Target inflation (CPI) rose to 4.4% in July, more than double the 2% target rate of inflation, and well above the government’s 1-3% operating range. The most recent Bank of England Quarterly Inflation Report predicts that CPI will peak at just over 5% per annum, despite the weakness of UK growth. The Bank predicts that growth will remain around zero until Summer 2009. This slowdown, in the Bank’s view, should enable CPI to return to target over the Bank’s 2 year forecast horizon. This should provide room for at least one 0.25% base rate cut in the first half of 2009. There is one proviso – if sterling continues to depreciate, base rate will remain on hold. The Bank of England is walking a monetary policy tightrope, and is unlikely to reduce the base rate until there are clear signs that inflationary pressures are easing. One positive development is the reduction in period rates. 2 year plus rates have fallen by an average of 0.25% in the past month, in response to the slowdown in the global economy and the consequent reduction in commodity prices. This has enabled many lenders to reduce fixed term mortgage rates. There is probably scope for a further modest reduction in period rates in the coming weeks, although we expect the period rate trend to reverse around year end, in anticipation of an upturn in global growth in 2009.
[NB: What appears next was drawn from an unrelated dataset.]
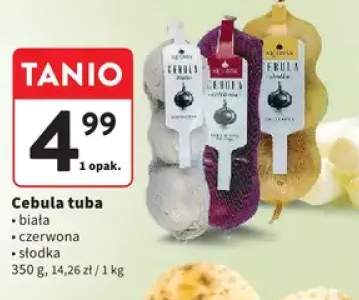 Cebula tuba czerwona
The UK mortgage market is probably at a cyclical low point. The most recent data from the Council of Mortgage Lenders indicates that the level of advances stabilised in July. We expect to see a similar picture from August and September data. Thereafter mortgage lending is likely to be on a gradual upward path. The prime reason for the downturn in the housing market is the international credit crunch, itself the product of a severe downturn in the US housing market against a background of excessive lending. The financial problems associated with the US mortgage market are steadily being resolved, and we expect liquidity to improve in the Autumn. In the absence of any improvement, there is likely to be a significant co-ordinated injection of liquidity by central banks. Within the next two months, there is a strong possibility of a significant UK fiscal stimulus package that may well include a reduction in housing transaction stamp duty. In our view, any change would need to be permanent in order to have a discernable impact on the housing market. Currently, our view remains unchanged. The volume of mortgage lending is expected to be at a low point this quarter and gradually recover to a monthly average of £20 billion gross in fourth quarter 2008 and to an average of £25 billion per month in the first half of 2009.
The August Nationwide survey was far worse than expected. Average prices, based on the Nationwide index, fell by 1.9% in the month to an annual figure of minus 10.5%. This year there has been a significant correlation between reductions in house prices and reductions in the volume of net lending. Our current view is that we have seen the trough in mortgage lending, and therefore the low point in house price inflation is imminent. Our view remains that the average house price (mortgaged properties) is approaching a low point of minus 12% per annum. If, as we expect, mortgage lending volumes improve in the fourth quarter, and stamp duty is reduced, then average house price inflation may gradually recover in the Autumn and Winter months. We expect the annual rate of house price inflation to reach zero in Spring 2009, recovering to 5% per annum by the end of next year. Forecast risk is high. There are many reputable analysts who predict that the decline in house prices in the coming months will be severe. It is also important to emphasise that average house price data hides numerous regional and locality variations. Housing market sentiment is likely to remain uneasy for several months – with recovery dependent upon effective action by financial decision makers.